The military sent fighter jets to chase suspicious aircraft 462 times between Sept. 11 and June, nearly seven times as often as the 67 scrambles from the same period a year earlier.
More frequent scrambles are also faster in the tense new environment because the North American Aerospace Defense Command communicates better with the Federal Aviation Administration.
On Sept. 11, flight controllers suspected around 8:25 a.m. EDT that American Airlines Flight 11 from Boston's Logan Airport had been hijacked, but NORAD wasn't notified until 8:40 a.m. — six minutes before the plane struck the World Trade Center in New York City.
Today, NORAD would know instantly of a suspected hijacking, officials said Monday.
"NORAD is now linked up telephonically 24 hours a day, seven days a week, so anything that's an anomaly or a suspected anomaly that's found in the system, NORAD knows about it as quickly as we do," said David Canoles, FAA's manager of air traffic evaluations and investigations.

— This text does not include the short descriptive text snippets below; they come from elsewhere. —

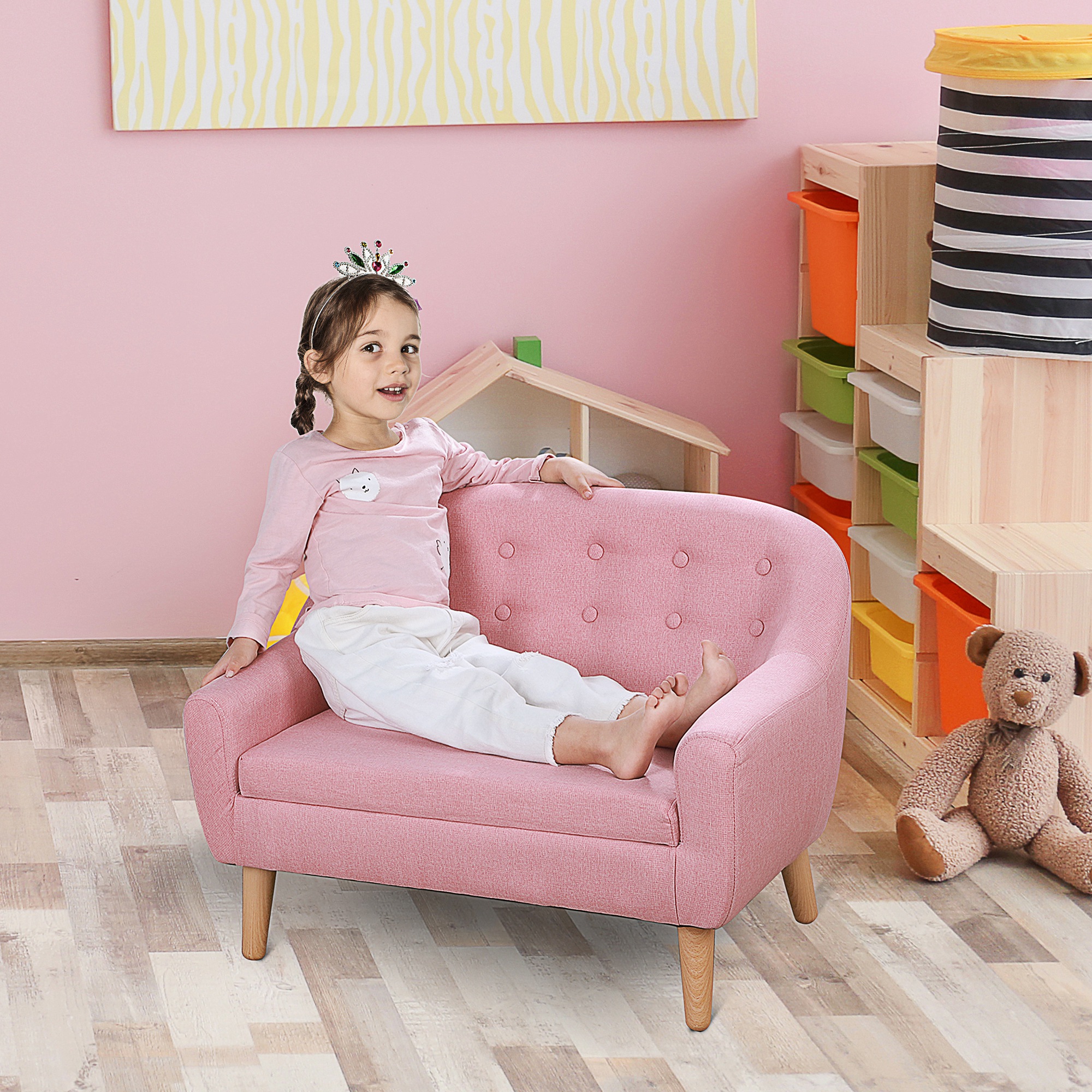 Sofá infantil de 2 asientos, tela tipo lino, asiento de 11 pulgadas de alto, rosa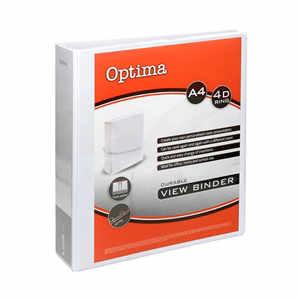 Gyűrűskönyv OPTIMA panorámás A/4 4 gyűrű 75mm fehér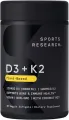 Sports Research Vitamin D3 + K2 with 5000iu of Plant-Based D3 & 100mcg of Vitamin K2 as MK-7 Non-GMO Verified & Vegan Certified,Softgel (30ct).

At a NORAD operations center in Cheyenne Mountain in Colorado Springs, Colo., a noncommissioned officer listens to conversations on the FAA network from all over the United States, said Maj. Douglas Martin, NORAD spokesman.

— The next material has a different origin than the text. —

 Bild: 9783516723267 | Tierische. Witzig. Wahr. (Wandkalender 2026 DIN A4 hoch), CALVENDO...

"If he hears anything that indicates difficulty in the skies, we begin the staff work to scramble," Martin said. Before Sept. 11, the FAA had to telephone NORAD about any possible hijackings.

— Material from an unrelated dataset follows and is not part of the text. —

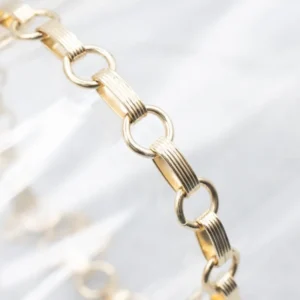 Gold Rolo and Lined Oval Link Bracelet
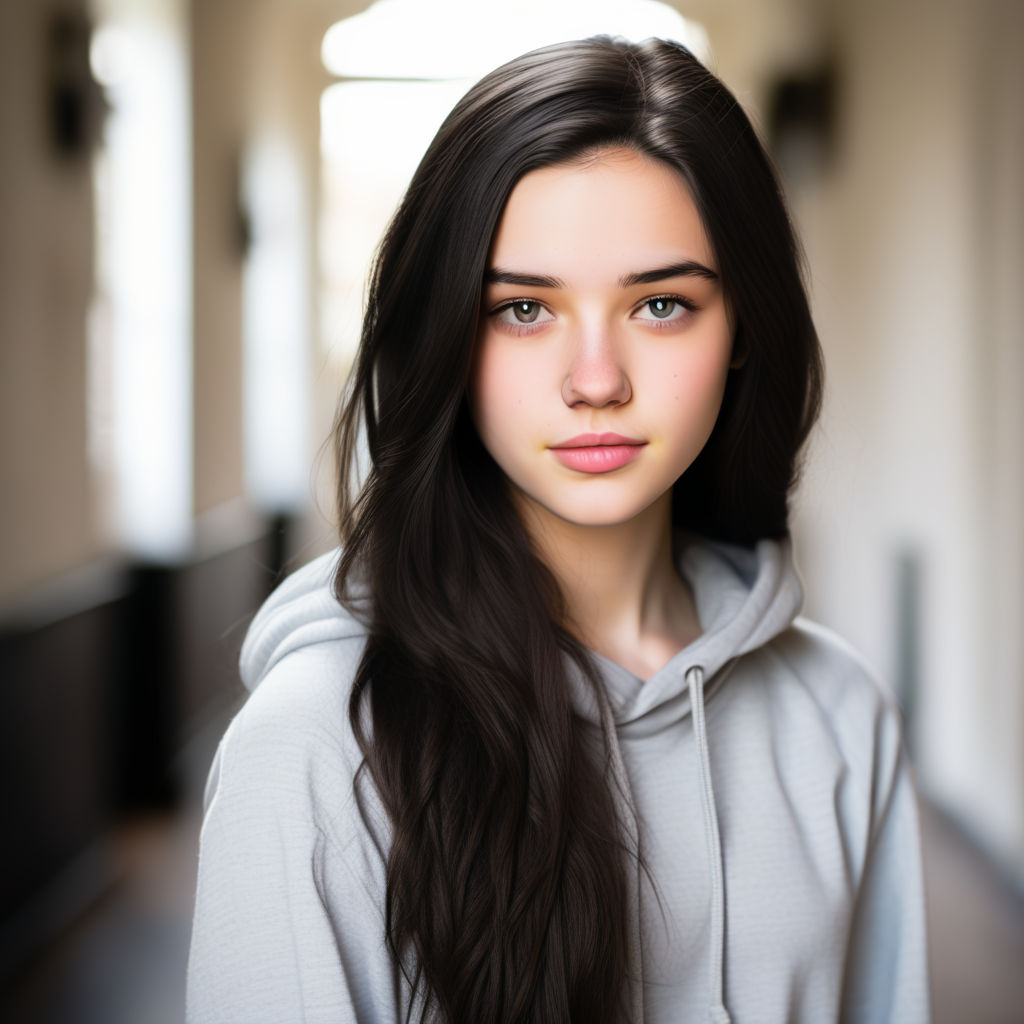 Beautiful 17 year old teen woman black straight hair bright Blue eyes Pale  Skin Long Black Hair Pale skin Cinematic Film Still Teen Woman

In June, Air Force jets scrambled three times to intercept small private planes that had wandered into restricted airspace around the White House and around Camp David, the presidential retreat in Maryland.
Jet fighters approaching a suspicious plane might radio the pilot, dip their wings or simply identify the aircraft and break off, Martin said. No intercepted planes have been fired upon since Sept. 11, he said. For that, an order must come from President Bush, Secretary of Defense Secretary Donald Rumsfeld or two designated Air Force generals.
FAA officials held news conferences in Boston, New York and Washington, giving chronological accounts of the terrorist attacks and how they forced an unprecedented shutdown of the U.S. skies.
Air traffic controllers didn't notice anything odd Sept. 11 until communications fell silent with Flight 11's pilot 25 minutes after the plane took off at 8 a.m.
"We considered it at that time to be a possible hijacking," air traffic manager Glenn Michael said.
The FAA notified NORAD 15 minutes later; three minutes after that, NORAD was told United Airlines Flight 175 had been hijacked.
The first two military interceptors, Air Force F-15 Eagles from Otis Air Force Base in Massachusetts, scrambled airborne at 8:52 a.m., too late to do anything about the second jet heading for the Trade Center or a third heading toward the Pentagon.
Mike McCormick, air traffic control manager at the New York Center — the main control center for the area — made the unprecedented decision at 9:04 a.m. to declare "ATC Zero," meaning that no aircraft could fly into, out of or through the airspace over New York and the western Atlantic.
He made the decision after the second plane, United Flight 175, crashed into the World Trade Center. McCormick said the Boeing 757's transponder was working and he knew where it was headed, even before the Newark Airport Control Tower picked it up visually as it turned and headed back toward the twin towers.
At 9:45 a.m., after the World Trade Center and the Pentagon had been struck by the hijacked planes, the FAA ordered all of the more than 4,000 aircraft in the skies over the United States to land at the nearest airport.